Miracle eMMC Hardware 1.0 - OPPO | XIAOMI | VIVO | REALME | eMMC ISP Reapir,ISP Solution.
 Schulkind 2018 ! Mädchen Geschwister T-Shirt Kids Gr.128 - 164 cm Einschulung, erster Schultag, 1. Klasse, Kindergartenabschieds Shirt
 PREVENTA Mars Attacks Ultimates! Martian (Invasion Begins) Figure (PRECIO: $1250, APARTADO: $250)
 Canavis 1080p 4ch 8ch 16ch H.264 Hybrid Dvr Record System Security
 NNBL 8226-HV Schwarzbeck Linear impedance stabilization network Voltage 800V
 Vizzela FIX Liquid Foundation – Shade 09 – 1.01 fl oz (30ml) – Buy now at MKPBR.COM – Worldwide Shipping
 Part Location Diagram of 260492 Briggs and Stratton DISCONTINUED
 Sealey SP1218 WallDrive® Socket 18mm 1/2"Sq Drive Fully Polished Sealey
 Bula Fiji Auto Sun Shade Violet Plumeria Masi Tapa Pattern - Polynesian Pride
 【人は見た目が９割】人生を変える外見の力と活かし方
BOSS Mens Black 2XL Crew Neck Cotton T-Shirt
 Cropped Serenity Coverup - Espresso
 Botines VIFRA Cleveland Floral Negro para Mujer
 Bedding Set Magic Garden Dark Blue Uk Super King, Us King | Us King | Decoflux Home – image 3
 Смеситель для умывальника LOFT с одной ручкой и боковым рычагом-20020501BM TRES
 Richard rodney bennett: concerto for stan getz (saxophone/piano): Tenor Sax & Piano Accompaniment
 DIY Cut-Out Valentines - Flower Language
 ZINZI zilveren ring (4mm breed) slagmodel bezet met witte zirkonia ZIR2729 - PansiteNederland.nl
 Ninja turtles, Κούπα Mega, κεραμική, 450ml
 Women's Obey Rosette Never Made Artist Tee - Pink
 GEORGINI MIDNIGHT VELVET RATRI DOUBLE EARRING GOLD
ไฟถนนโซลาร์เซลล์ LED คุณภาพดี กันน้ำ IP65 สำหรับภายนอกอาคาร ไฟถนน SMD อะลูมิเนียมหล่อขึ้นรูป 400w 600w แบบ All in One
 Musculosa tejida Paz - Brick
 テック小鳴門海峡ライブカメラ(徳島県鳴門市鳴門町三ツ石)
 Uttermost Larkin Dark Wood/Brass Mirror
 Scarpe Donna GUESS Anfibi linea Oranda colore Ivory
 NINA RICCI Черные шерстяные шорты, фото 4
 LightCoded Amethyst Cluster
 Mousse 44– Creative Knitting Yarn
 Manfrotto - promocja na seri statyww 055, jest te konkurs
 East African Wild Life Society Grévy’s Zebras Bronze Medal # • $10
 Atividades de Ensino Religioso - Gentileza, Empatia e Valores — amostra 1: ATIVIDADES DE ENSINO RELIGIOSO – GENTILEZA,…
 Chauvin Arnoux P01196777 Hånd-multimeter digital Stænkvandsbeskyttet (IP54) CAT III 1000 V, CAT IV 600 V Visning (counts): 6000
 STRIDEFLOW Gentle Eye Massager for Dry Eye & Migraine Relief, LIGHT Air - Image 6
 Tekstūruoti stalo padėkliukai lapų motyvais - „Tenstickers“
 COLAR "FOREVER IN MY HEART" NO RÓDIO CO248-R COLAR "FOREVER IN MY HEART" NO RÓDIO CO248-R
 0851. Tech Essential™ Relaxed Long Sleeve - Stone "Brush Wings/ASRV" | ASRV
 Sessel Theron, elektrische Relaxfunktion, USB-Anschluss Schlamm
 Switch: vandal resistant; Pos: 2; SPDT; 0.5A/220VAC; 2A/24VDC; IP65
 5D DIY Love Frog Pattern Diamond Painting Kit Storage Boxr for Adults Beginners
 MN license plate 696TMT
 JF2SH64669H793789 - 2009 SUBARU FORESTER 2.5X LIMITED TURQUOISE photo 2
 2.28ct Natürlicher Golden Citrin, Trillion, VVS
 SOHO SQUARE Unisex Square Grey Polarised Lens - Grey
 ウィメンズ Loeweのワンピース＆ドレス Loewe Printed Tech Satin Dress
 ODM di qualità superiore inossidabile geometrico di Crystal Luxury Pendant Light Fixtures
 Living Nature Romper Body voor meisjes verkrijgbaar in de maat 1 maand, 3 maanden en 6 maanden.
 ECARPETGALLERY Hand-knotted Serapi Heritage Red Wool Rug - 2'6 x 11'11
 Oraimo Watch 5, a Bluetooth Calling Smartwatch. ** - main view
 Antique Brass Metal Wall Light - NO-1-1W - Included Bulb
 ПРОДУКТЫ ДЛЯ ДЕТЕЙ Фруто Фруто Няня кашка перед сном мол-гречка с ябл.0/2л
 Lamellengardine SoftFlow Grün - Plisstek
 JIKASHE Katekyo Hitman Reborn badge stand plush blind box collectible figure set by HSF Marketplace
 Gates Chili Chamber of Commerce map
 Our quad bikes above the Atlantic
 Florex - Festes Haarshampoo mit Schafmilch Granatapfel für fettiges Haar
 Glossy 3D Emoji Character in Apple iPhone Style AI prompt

________________________________________

Exercise prompt:
Among the lines of the listing above, which ones hold "Brass"? Copy them.

Output of the task:
 Uttermost Larkin Dark Wood/Brass Mirror
 Antique Brass Metal Wall Light - NO-1-1W - Included Bulb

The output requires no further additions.